Когда традиция, таким образом приукрашенная и преувеличенная, наделяет
основателей рода и государства в значительной степени привнесенными
могуществом и великолепием, то живущий поэт не может восславить живущего
монарха, не испытав при этом страха за то, что его упрекнут в откровенной
лести, чтобы не создалось впечатления, будто нынешний монарх не столь велик,
как его предки. В этом случае монарха следует восславлять, восславляя его
предков. Их величие должно быть упрочено, а его следует изобразить их
достойным преемником. Все люди государства проявляют интерес к основателю
своего государства. Все государства, которые развились в общепринятую
общественную систему, проявляют интерес каждое к своему основателю. Все люди
проявляют интерес к своим предкам.
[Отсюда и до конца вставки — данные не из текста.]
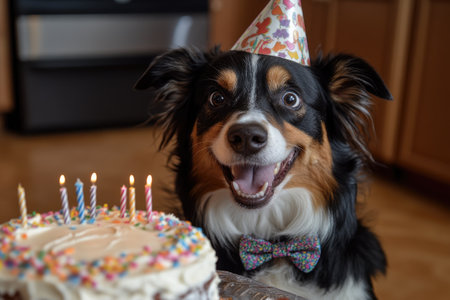 Dog wearing party hat and bow tie enjoying birthday cakeの素材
Всем людям свойственно оглядываться на
свое прошлое. Этим и объясняется то, что традиционная национальная поэзия
воссоздается вновь и вновь, обращая в хаос порядок и форму. Теперь ее
интересы более универсальны, ее проникновение более глубоко; ее фантазия
столь же безудержна и предметна; ее герои столь же разнообразны и сильны;
природа, ею изображаемая, столь же непокорна, она предстает нам во всей
своей красоте и великолепии, - притяжение больших городов и ежедневные
обязанности, накладываемые обществом, еще не разлучили человека с природой;
поэзия стала еще более искусством, чем была прежде, - теперь она требует
большего мастерства в версификации, более тонкого знания языка, более
обширных и всесторонних познаний, более всеобъемлющего ума. Поэзия
по-прежнему не имеет себе равных среди других родов литературы, и даже
другие виды искусства (живопись и скульптура - несомненно; возможно, и
музыка) грубы и несовершенны по сравнению с ней. Ей подчинены все сферы
умственной деятельности. Ни история, ни философия, ни естественные науки не
могут соперничать с нею. Поэзии предаются величайшие умы эпохи, все
остальные им внимают. Это и есть век Гомера, золотой век поэзии. Поэзия
достигла совершенства; она достигла того уровня, превзойти который
невозможно, а потому поэтический гений ищет новые формы для выражения старых
тем - отсюда лирическая поэзия Пиндара и Алкея, трагическая поэзия Эсхила и
Софокла. Признание монархов, почести олимпийской короны, аплодисменты толпы
- все, что способно удовлетворить тщеславие и побудить к соперничеству,
ожидает преуспевшего в этом искусстве до тех пор, пока поэтические формы не
иссякнут и на пути у творца не встанут новые соперники, представляющие новые
литературные жанры, которые будут пользоваться все большим спросом по мере
того, как с прогрессом разума и культуры факты в своем значении потеснят
вымысел, - так зрелость поэзии приходится на детство истории. Переход от
Гомера к Геродоту вряд ли более примечателен, чем переход от Геродота к
Фукидиду; в постепенном отходе от сказочности в сюжете и декоративности в
языке Геродот - такой же поэт по сравнению с Фукидидом, как Гомер по
сравнению с Геродотом. У Геродота история звучит как поэма {3}, она писалась
во времена, когда всякий литературный опыт еще принадлежал Музам, и девять
книг, из которых состоит его история, по праву и по обычаю носят их имена.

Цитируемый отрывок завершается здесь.